Work item –
Give again, word for word, the lines below that run from the line with "Fitness <b>Compression</b> <b>Shirts</b>" through the line with "Chair With Armrest Alexia Velvet Orange (7)". Drop the pictures.

Material supplied –

-*-*-

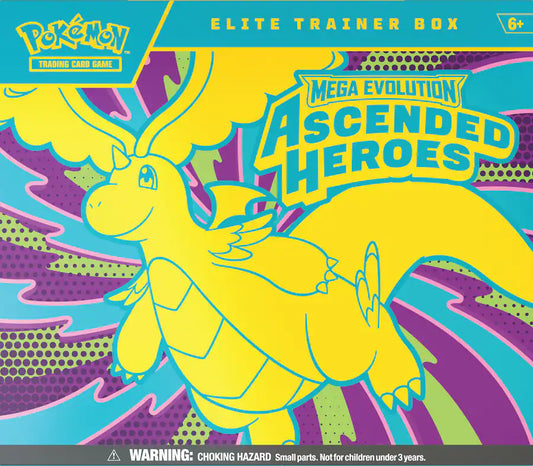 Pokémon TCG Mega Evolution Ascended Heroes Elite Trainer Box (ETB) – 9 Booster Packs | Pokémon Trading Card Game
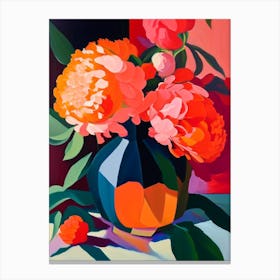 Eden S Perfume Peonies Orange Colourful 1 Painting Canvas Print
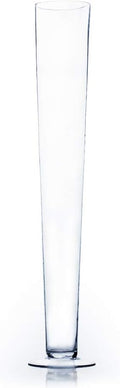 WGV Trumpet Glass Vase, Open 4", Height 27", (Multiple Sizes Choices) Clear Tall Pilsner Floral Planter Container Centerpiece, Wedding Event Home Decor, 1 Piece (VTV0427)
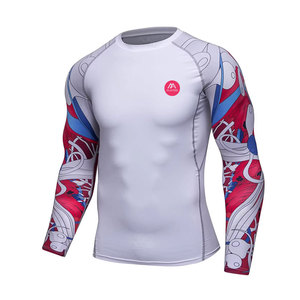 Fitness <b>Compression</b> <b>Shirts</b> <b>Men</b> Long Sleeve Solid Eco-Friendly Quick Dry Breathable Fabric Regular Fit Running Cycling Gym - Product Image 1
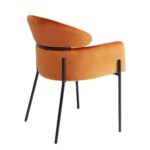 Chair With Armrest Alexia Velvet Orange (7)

-*-*-

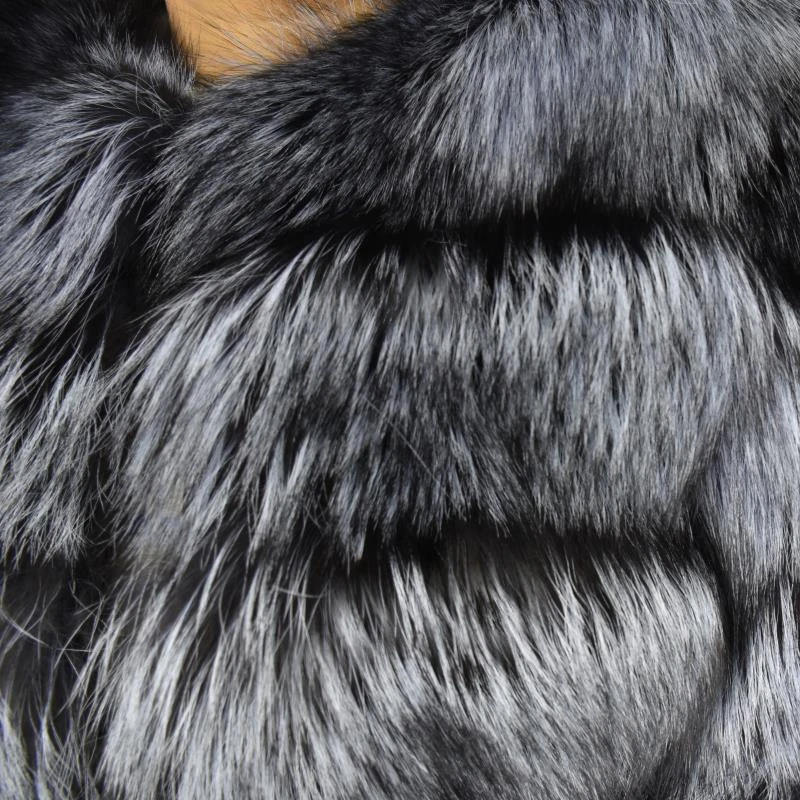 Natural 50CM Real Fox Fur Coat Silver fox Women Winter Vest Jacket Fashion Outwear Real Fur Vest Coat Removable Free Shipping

-*-*-

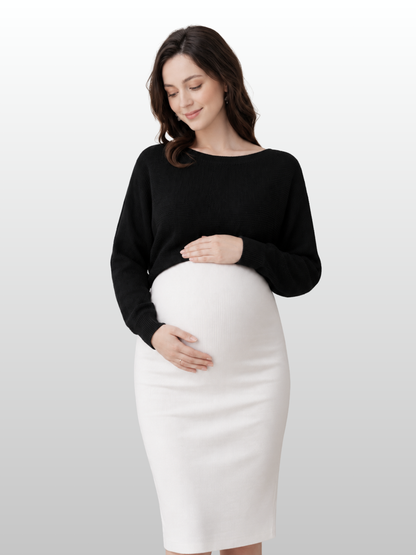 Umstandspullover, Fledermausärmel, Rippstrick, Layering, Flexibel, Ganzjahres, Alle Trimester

-*-*-

Answer section –
 Fitness <b>Compression</b> <b>Shirts</b> <b>Men</b> Long Sleeve Solid Eco-Friendly Quick Dry Breathable Fabric Regular Fit Running Cycling Gym - Product Image 1
 Chair With Armrest Alexia Velvet Orange (7)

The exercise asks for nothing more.